Biden faced pressure from progressives to join UAW workers on the picket line after Sen. John Fetterman, D-Pa., House Democratic Leader Hakeem Jeffries, Sen. Bernie Sanders and others each traveled to striking sites this week.

For the first time Friday, Fain publicly invited Biden to the picket line.

“We invite and encourage everyone who supports our cause to join us on the picket line − from our friends and families, all the way up to the president of the United States,” Fain said.

Biden faces a political tightrope with the UAW strike. He has decades of close ties with organized labor and said he wants to be known as the “most pro-union president” in U.S history.
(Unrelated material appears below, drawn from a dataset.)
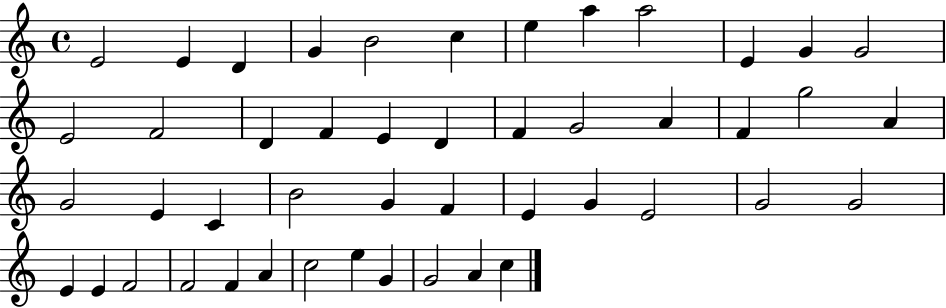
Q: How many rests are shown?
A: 0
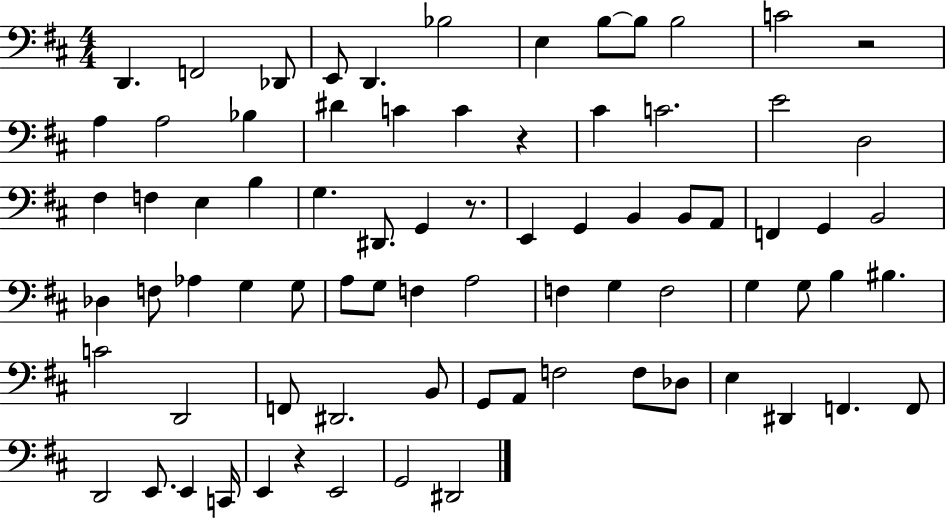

But Biden also wants to avoid national economic repercussions that could result from a prolonged strike.

Biden has endorsed UAW’s demands for higher pay, saying last week that “record corporate profits, which they have, should be shared by record contracts for the UAW.” But at the request of the UAW, Biden has stayed out of negotiations with Ford Motor Co., General Motors and Stellantis.

Fain extended the invitation after announcing plans to expand UAW’s strike to 38 new sites across 20 states. He said the union has made good progress with Ford Motor Co. this week, but General Motors and Stellantis “will need some pushing.”

White House press secretary Jean-Pierre said the White House “will do everything that we possibly can to help in any way that the parties would like us to.”

A White House team led by Acting Labor Secretary Julie Su and White House adviser Gene Sperling was originally scheduled to visit Detroit this week. But the trip was scrapped after UAW’s leadership made it clear they did not want help at the negotiating table.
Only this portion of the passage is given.